Fast Software Thermal Sensing and Control for
Efficient Dynamic Thermal Management


Jun Yang

PhD Students

Wei Wu, Lingling Jin

External Collaborators

Sheldon X.-D. Tan (UCR), Jie Chen (UCR)


The evolution of microprocessors has been hindered by their increasing power consumption and the speed heat is generated on-die. High temperature impairs the processor reliability and reduces its lifetime. While heat can be removed by the cooling package, designing such package for the worst-case temperature is not cost-effective as the worst-cases are rare but the cost increases super-linearly. Therefore, a more reasonable solution is to use a less expensive package with dynamic thermal managements (DTM) that throttles the processor performance when the cooling is inadequate.

To ensure an effective control of the chip temperature, it is imperative to be able to monitor the temperature variations across the die timely and accurately. Most current techniques rely on on-chip thermal sensors, typically one or two, to report the temperature of the processor. Unfortunately, the significant variation in chip temperature both spatially and temporally exposes the limitation of the sensors since hot spots migrate with workloads. We present an alternative approach to tracking chip temperature through an OS resident software module that generates live power and thermal spectral distributions of the processor. We developed such a software thermal sensor (STS) with low overhead in a Linux system with a Pentium 4 Northwood core. The software thermal sensor offers detailed power and temperature breakdowns of each functional unit at runtime.
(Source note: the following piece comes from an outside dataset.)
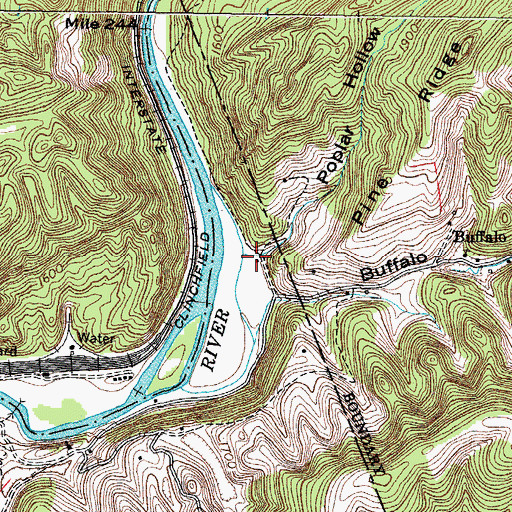 Topographic Map of Poplar Hollow, VA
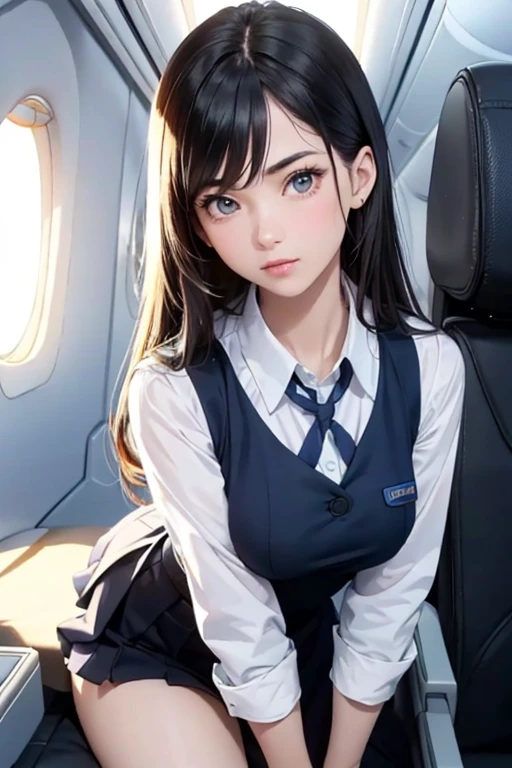 Top Quality, Masterpiece, 8K, Ultra High Definition, (Photorealistic: 1.4), 1 Girl, Beautiful Face, Symmetrical Eyes, Big, Perfect Body Proportions, Stewardess Uniform, Viewer's Look, (Inside the Airplane: 1.2), Front View, Shoulder Jump, Absolute Area (1.3),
We also develope a thermal-aware job scheduling mechanism for reducing the performance loss due to the thermal pressure. Our methods leverage the natural discrepancies in thermal behavior among different workloads, and schedule them to keep the chip temperature within the cooling limit so as to minimize the amount of throttling. Our Linux kernel implementation of the entire framework shows noticeable performance improvements over a traditional thermal-oblivious job scheduling method while retaining its requirements for real-time and interactive jobs.